Document tableDefinition = ...;
Document source = ...;
TableModel tableModel = new XMLTableModel( tableDefinition, source );
JTable table = new JTable( tableModel );

There is a sample program in samples/swing/JTableTool which will display any table definition for a given source XML document. There is an example table definition for the periodic table in xml/swing/tableForAtoms.xml.

Registering Namespace URIs for XPath

Added a new helper method to make it easier to create namespace contexts for doing namespace aware XPath expressions. The new setNamespaceURIs(Map) method on XPath makes it easier to pass in the prefixes and URIs you wish to use in an XPath expression. Here's an example of it in action

Map uris = new HashMap();
uris.put( "SOAP-ENV", "http://schemas.xmlsoap.org/soap/envelope/" );
uris.put( "m", "urn:xmethodsBabelFish" );        
XPath xpath = document.createXPath( "/SOAP-ENV:Envelope/SOAP-ENV:Body/m:BabelFish" );
xpath.setNamespaceURIs( uris );        
Node element = xpath.selectSingleNode( document );

In addition DocumentFactory has a setXPathNamespaceURIs(Map) method so that common namespace URIs can be associated with a DocumentFactory so namespace prefixes can be used across many XPath expressions in an easy way. e.g.

// register prefixes with my factory
Map uris = new HashMap();
uris.put( "SOAP-ENV", "http://schemas.xmlsoap.org/soap/envelope/" );
uris.put( "m", "urn:xmethodsBabelFish" );        

DocumentFactory factory = new DocumentFactory();
factory.setXPathNamespaceURIs( uris );

// now parse a document using my factory
SAXReader reader = new SAXReader();
reader.setDocumentFactory( factory );
Document doc = reader.read( "soap.xml" );

// now lets use the prefixes
Node element = doc.selectSingleNode( "/SOAP-ENV:Envelope/SOAP-ENV:Body/m:BabelFish" );

Whitespace handling

There is a new mergeAdjacentText option available on SAXReader to concatenate adjacent text nodes into a single Text node.

In addition there is a new stripWhitespaceText option to strip text which occurs between start/end tags which only consists of whitespace.

For example, parsing the following XML with the stripWhitespaceText option enabled and the mergeAdjacentText option enabled will result in a single child node of the parent element, rather than 3 (2 text nodes containing whitespace and one element).

<parent>
  <child>foo</child>
</parent>

Note that this option will not break most mixed content markup such as the following, since its only whitespace between tag start/ends that gets removed; non-whitespace strings are not trimmed.

<p>hello <b>James</b> how are you?</p>

Both these options together can improve the parsing performance by around 10-12% depending on the structure of the document.
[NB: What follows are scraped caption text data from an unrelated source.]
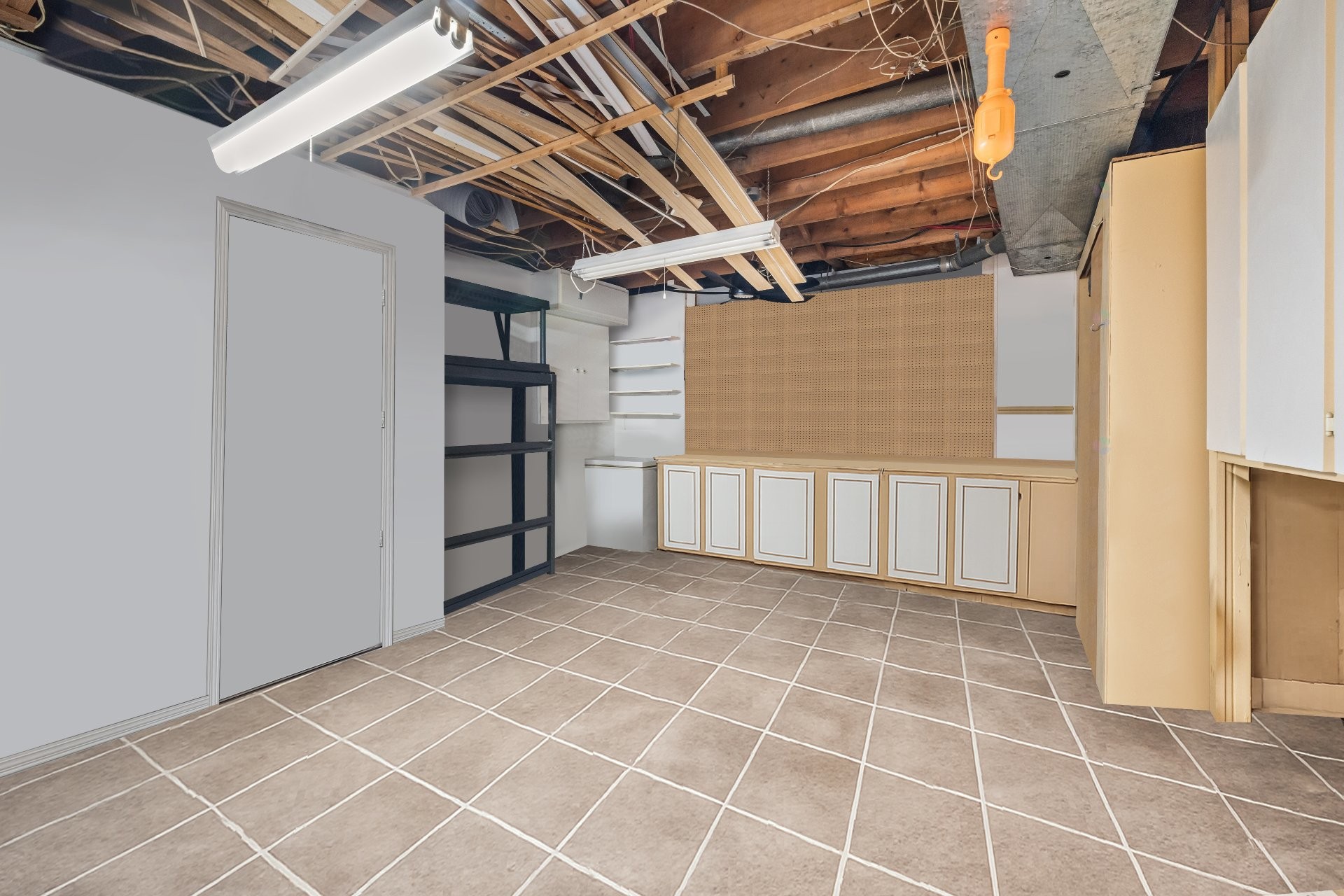 









1520


Rue Verchères

,
Longueuil (Le Vieux-Longueuil),




QC
J4K2Z7

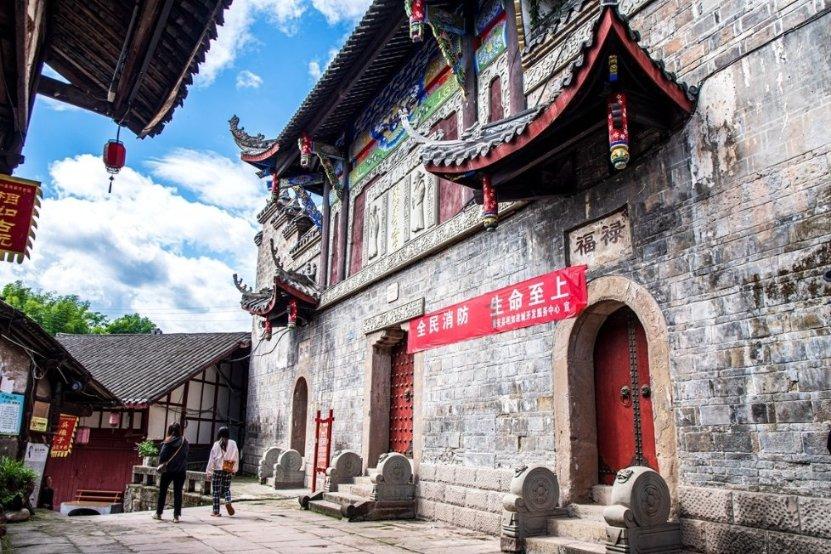 职业素养包括那些方面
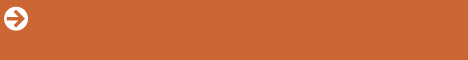 zzgrandma468x60.gif
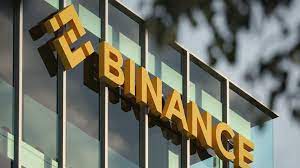 Belgian Regulator Orders Binance To Cease All Crypto Services 16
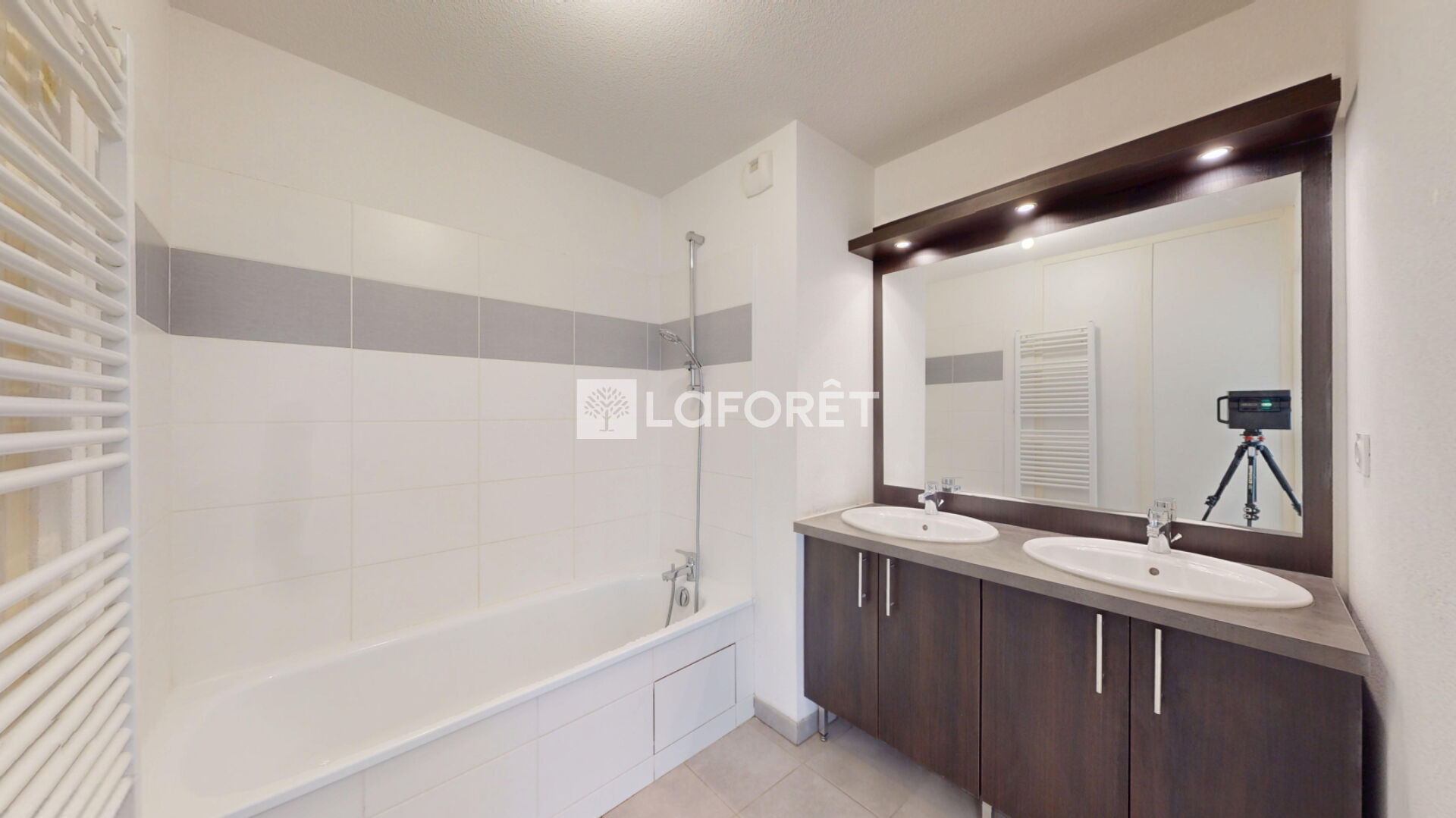 Maison à vendre, 61m², TOURNEFEUILLE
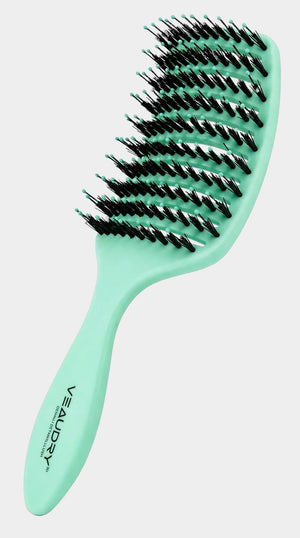 myDetangler Pro - Teal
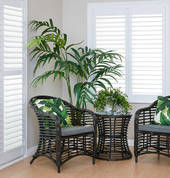 Harvey Furnishings Mt Eden Three Kings (1024) Curtain Suppliers 7_small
Though the whitespace layout of the XML document will be lost, so only use these modes in data-centric applications like XML messaging and SOAP.

So a typical SOAP or XML messaging developer, who may care more about performance than preserving exact whitespace layout, may use the following code to make the SAX parsing more optimal.
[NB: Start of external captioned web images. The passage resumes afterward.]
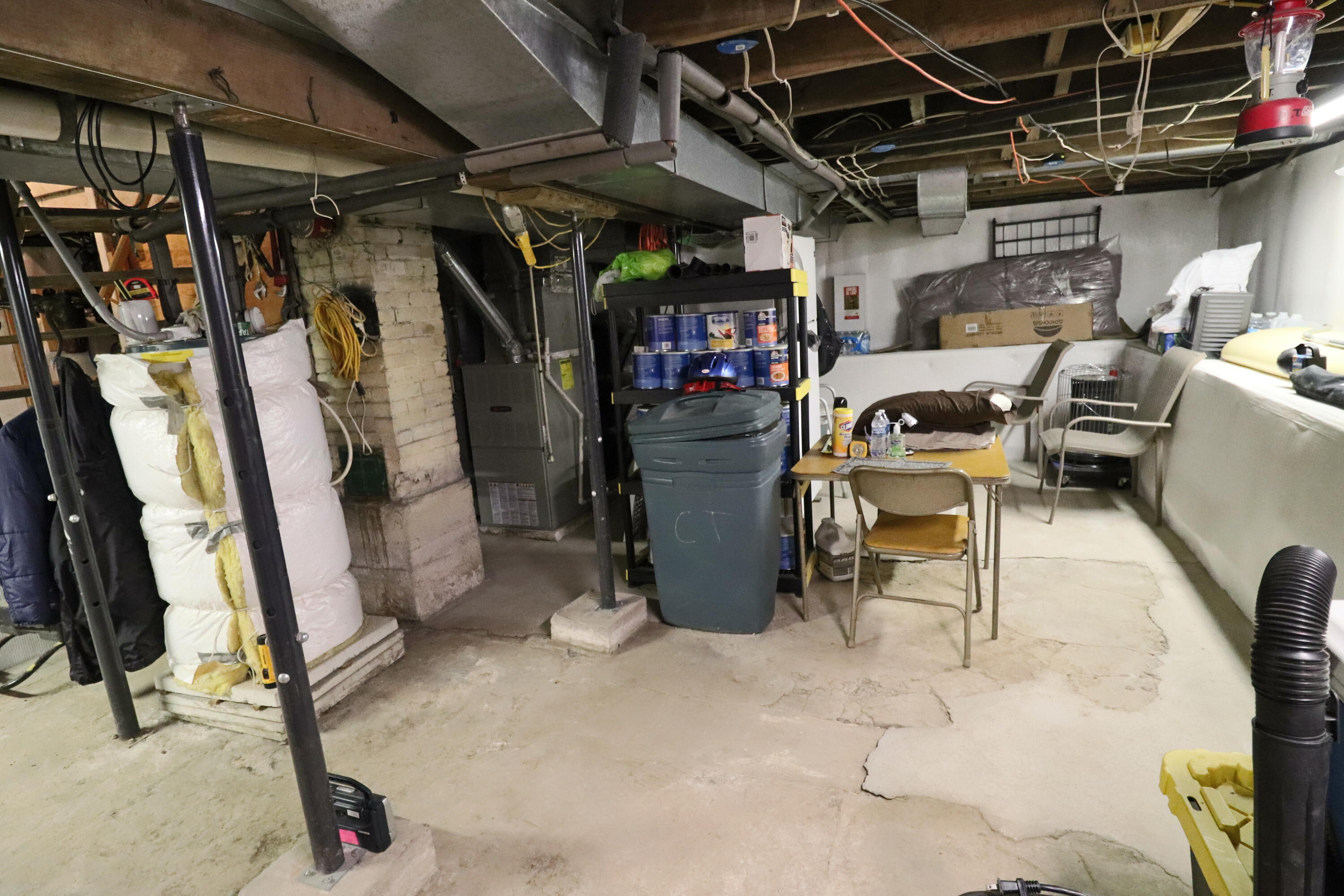 784 N 625 E, Westville, IN 46391; Image #31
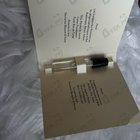 Отзыв Jo Malone Frangipani Flower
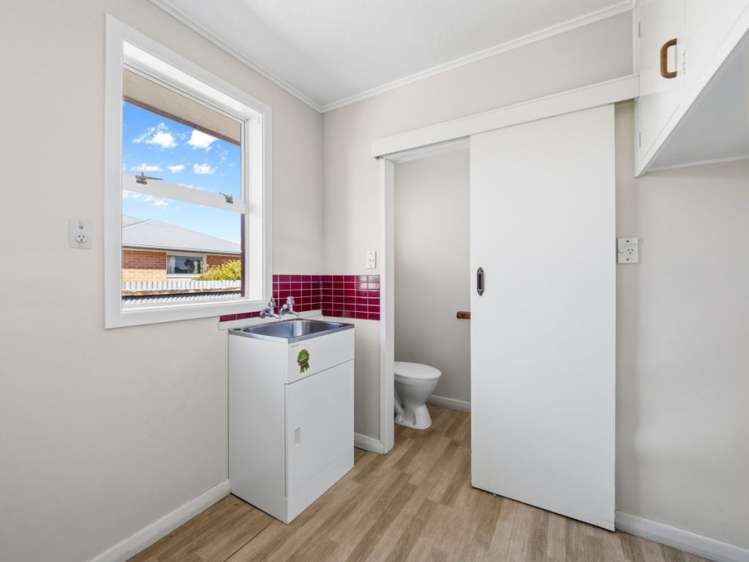 46 Galbraith Street Allenton_18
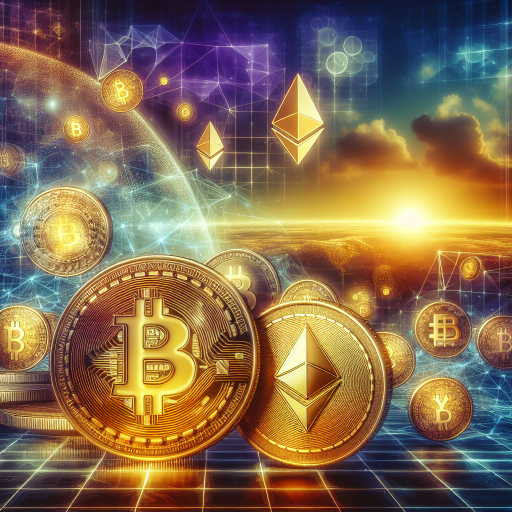 Aktuelle Krypto-Entwicklungen vom 23. August 2025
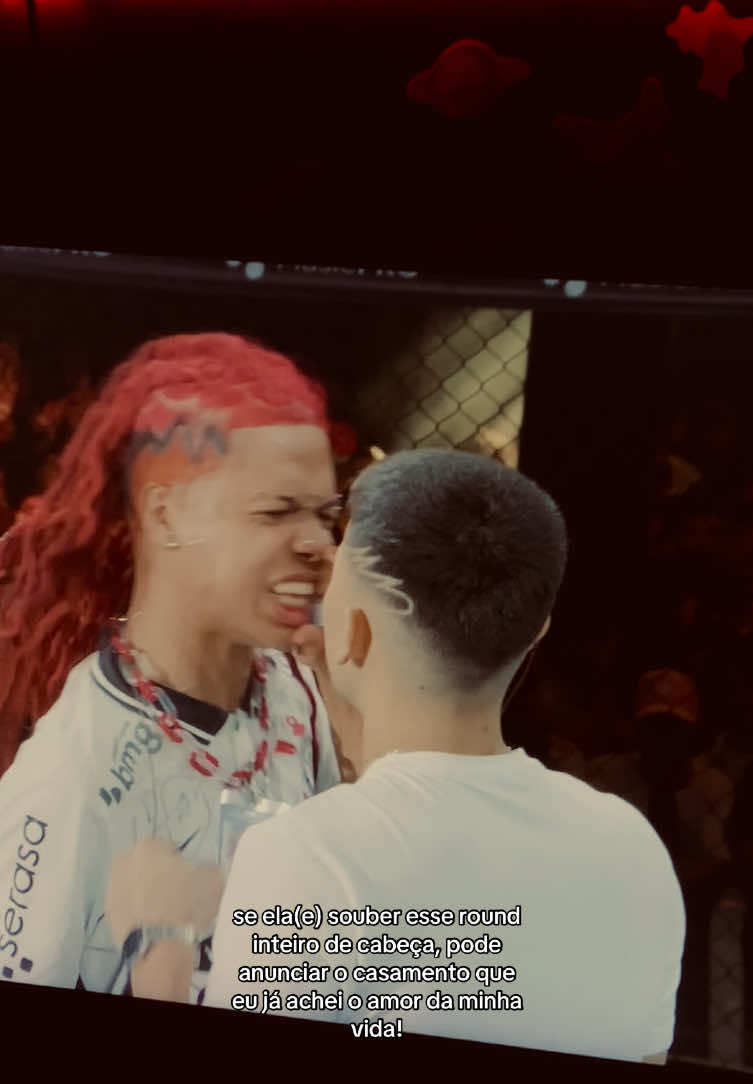 se um dia eu tiver uma namorada e for tão obcecado por ela o quanto eu sou pelo jota…ela ganhou a vida. #jotape #batalhaderima #goat🐐 #bda7anos #mvp #bda #batalhadaaldeia #neo #bigmike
SAXReader reader = new SAXReader();
reader.setMergeAdjacentText( true );
reader.setStripWhitespaceText( true );
Document doc = reader.read( "soap.xml" );

Patches

Applied patch to HTMLWriter to fix bug found by Dominik Deimling that was not correctly outputting CDATA sections correctly.
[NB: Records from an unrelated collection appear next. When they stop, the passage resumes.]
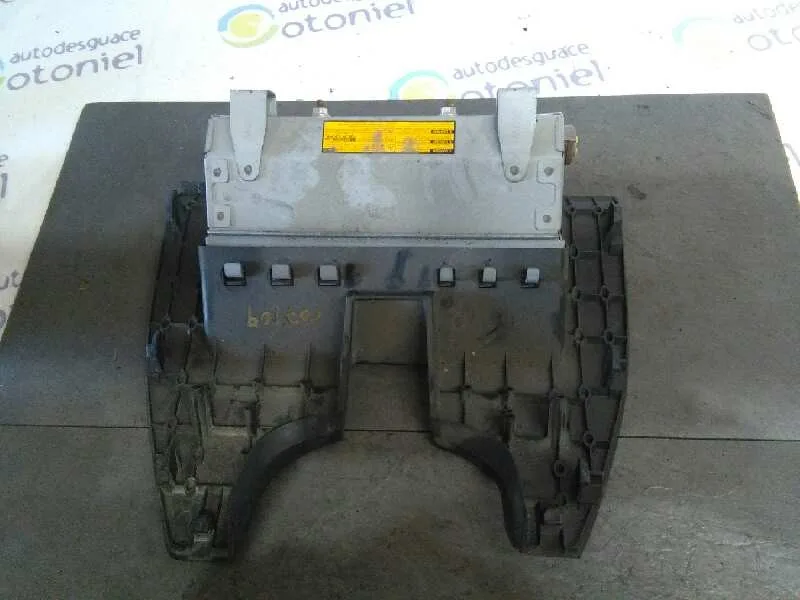 Airbag Delantero Derecho para Toyota Corolla Verso (R1)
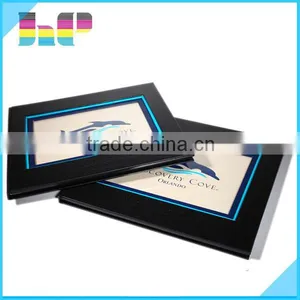High Quality Adult Photo Book Machine Printing thumbnail-3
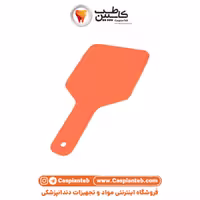 محافظ لایت کیور DDSDENT
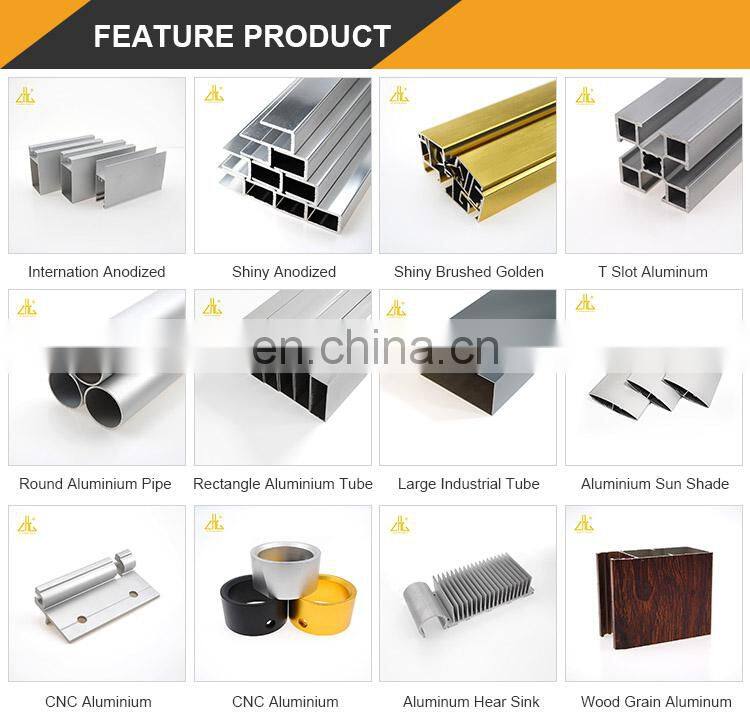 Customize producing Matt anodized black cnc machining aluminium case for lithium battery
Patched the setName() method on Element so that elements can be renamed. Also added a new setQName() to the Element interface so that elements can be renamed in a namespace aware manner. Thanks to Robert Lebowitz for this.

Applied fix to bug found by Manfred Lotz that XMLWriter in whitespace trimming mode would sometimes not correctly insert a space when text is seperated by newlines. The Test case testWhitespaceBug() in org.dom4j.TestXMLWriter reproduces the bug that has now been fixed.

Applied patches supplied by Stefan Graeber that enhance the datatype support to support included schemata and derived element types.

Applied patches suggested by Omer van der Horst Jansen to enable dom4j to fully work properly on JDK1.1 platforms. There were some uses of java.util.Stack which have been changed to ArrayList.

Applied patches supplied by Maarten Coene that fixes some issues with using the correct DocumentFactory when using the DOM implementation.

Updated the MSV support to comply with the latest MSV version, 1.12 (Nov 01 2001). In addition the MSVDemo.java in dom4j/src/samples/validate has been replaced by JARVDemo.java which now uses the JARV API to validate a dom4j document using the MSV implementation. This demo can validate any XML document against any DTD, XML Schema, Relax NG, Relax or Trex schema - thanks to the excellent JARV API and MSV library.

Applied patches supplied by Steen Lehmann that fixes handling of external DTD entities in SAXContentHandler and fix the XML output of the ExternalEntityDecl

Applied patch to bug found by Steen Lehmann that XPath expressions on the root element were not correctly handling namespaces correctly. The test case is demonstrated in dom4j/src/test/org/dom4j/xpath/TestSelectSingleNode.java

Added patch found by Howard Moore when using XTags that XPath string values which contained strings with entities, such as the use of & in a text, would result in redundant spaces occuring, breaking URLs.

1.1 Release

New features

Added a new package, org.dom4j.dtd which contains some DTD declaration classes which are added to the DocumentType interfaces List of declarations. This is useful for finding out details of the attribute or element delcarations inside either the internal or external DTD subset of a document.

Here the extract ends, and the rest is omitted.